Non si tratta, sappiamo bene, di una pagina di cronaca nel senso moderno (cioè della descrizione realistica di Gesù che si solleva da terra), ma del tentativo di esprimere attraverso i simboli, il mistero di Cristo Risorto. Alla luce della Parola di Dio questa festa diviene, per così dire, l’insediamento di Cristo nella regalità. Questo riconoscimento viene direttamente da Dio. Il libro degli Atti degli Apostoli dice che “Una nube lo sottrasse al loro sguardo” (At 1,9) e nel linguaggio biblico l’immagine della nube è sempre sotto il segno della manifestazione di Dio. Il cielo non è il cielo degli astronomi, è il simbolo della vicinanza di Dio.

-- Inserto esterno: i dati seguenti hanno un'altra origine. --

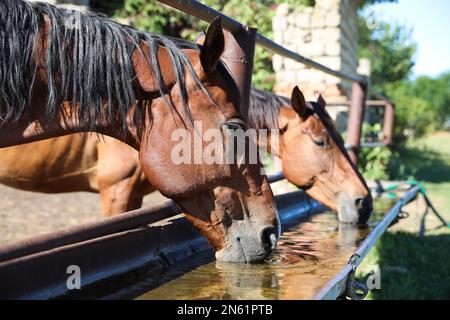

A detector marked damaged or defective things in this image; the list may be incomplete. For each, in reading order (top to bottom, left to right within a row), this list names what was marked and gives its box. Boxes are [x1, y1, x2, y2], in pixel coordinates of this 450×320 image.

rusty metal post [221, 28, 256, 119]
rusty metal post [346, 81, 368, 164]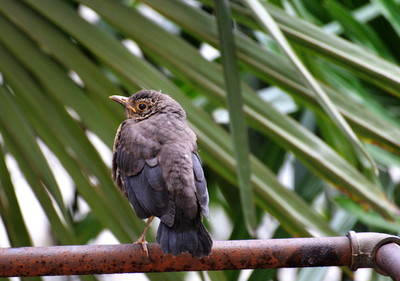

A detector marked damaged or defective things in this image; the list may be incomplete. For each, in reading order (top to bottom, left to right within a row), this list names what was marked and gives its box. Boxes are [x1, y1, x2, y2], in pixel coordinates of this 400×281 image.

rusty metal pipe [0, 236, 350, 276]
rusty metal pipe [376, 241, 400, 280]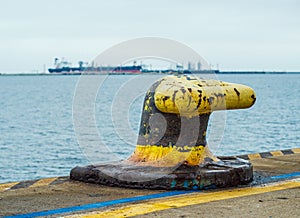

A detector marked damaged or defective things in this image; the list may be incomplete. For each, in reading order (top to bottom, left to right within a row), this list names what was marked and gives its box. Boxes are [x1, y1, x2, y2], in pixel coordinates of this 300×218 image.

rusty mooring cleat [69, 75, 255, 189]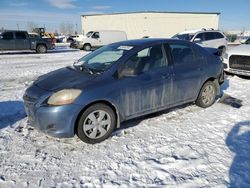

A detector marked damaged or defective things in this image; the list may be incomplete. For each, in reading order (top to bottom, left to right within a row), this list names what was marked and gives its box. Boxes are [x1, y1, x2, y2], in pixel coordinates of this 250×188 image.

damaged vehicle [23, 39, 223, 143]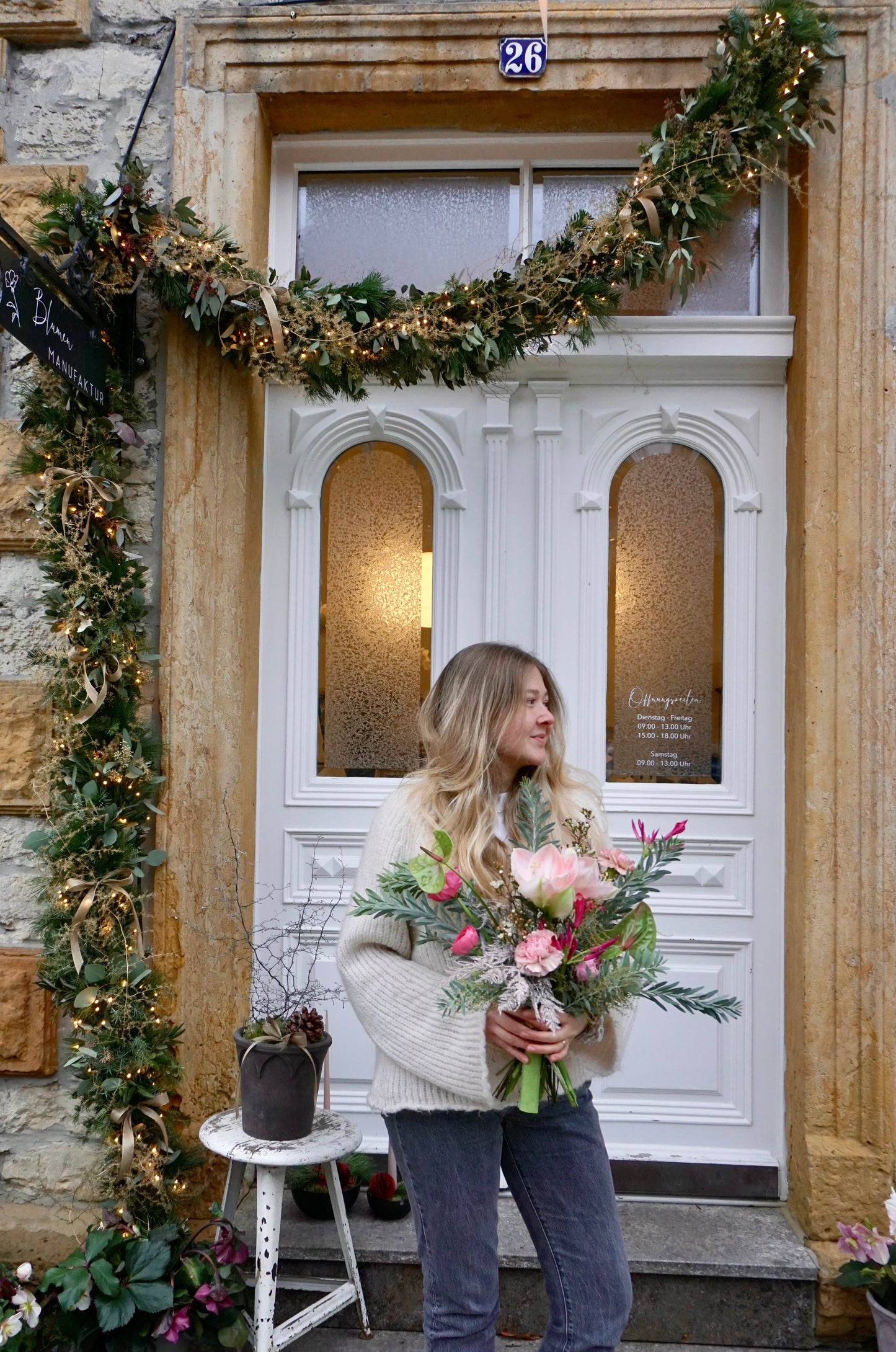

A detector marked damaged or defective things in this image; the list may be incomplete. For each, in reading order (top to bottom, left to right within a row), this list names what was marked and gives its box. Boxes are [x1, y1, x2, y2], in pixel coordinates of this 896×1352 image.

chipped paint stool leg [254, 1162, 285, 1352]
chipped paint stool leg [326, 1157, 370, 1335]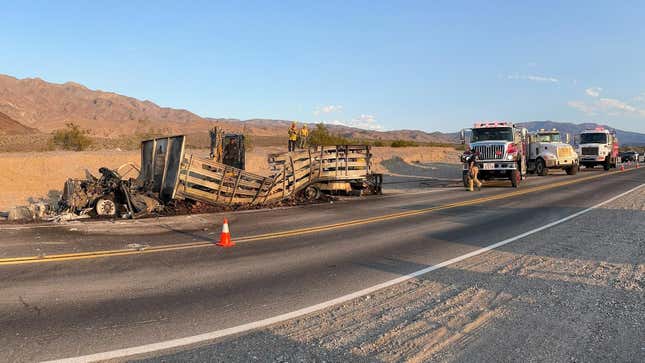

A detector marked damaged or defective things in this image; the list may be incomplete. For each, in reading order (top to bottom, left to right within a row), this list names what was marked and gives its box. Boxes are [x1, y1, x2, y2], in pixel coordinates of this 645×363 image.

charred truck wreckage [37, 131, 380, 222]
burned pickup truck [57, 136, 380, 219]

Con parole più vicine alla nostra sensibilità, il brano del vangelo di Luca (Lc 24, 46-53) vuole dirci che con la Risurrezione il Signore Gesù inizia una fase nuova, più universale, della sua missione.

Con la sua Ascensione Gesù non appartiene più al piccolo gruppo dei suoi discepoli e delle persone che lo incontravano nella vita terrena e, proprio perché il cielo è di tutti, Egli appartiene a tutti e ogni uomo può trovare in lui il punto di riferimento.

Possiamo veramente dire che l’Ascensione non rappresenta un distacco, ma l’inizio di una presenza nuova. Sia nel Vangelo che negli Atti degli Apostoli, l’evangelista Luca lega strettamente all’Ascensione il tema della testimonianza: “di questo voi siete testimoni” (v. 48). Quel ‘voi’ indica sì, in primo luogo, gli apostoli che scelti da Gesù avevano condiviso del Maestro in modo particolare la sua missione, ma quel ‘voi’ riguarda anche tutti i cristiani, riguarda ciascuno di noi.

E’ diventata famosa una espressione del Papa Paolo VI: “Il mondo ha bisogno di testimoni, più che di maestri”. E’ abbastanza facile essere maestri, è molto più difficile essere testimoni.

Ecco, allora, che a ciascuno di noi è stato dato il dono dello Spirito perché con responsabilità sappiamo costruire il Regno di Dio nella nostra vita familiare, professionale, sociale, politica.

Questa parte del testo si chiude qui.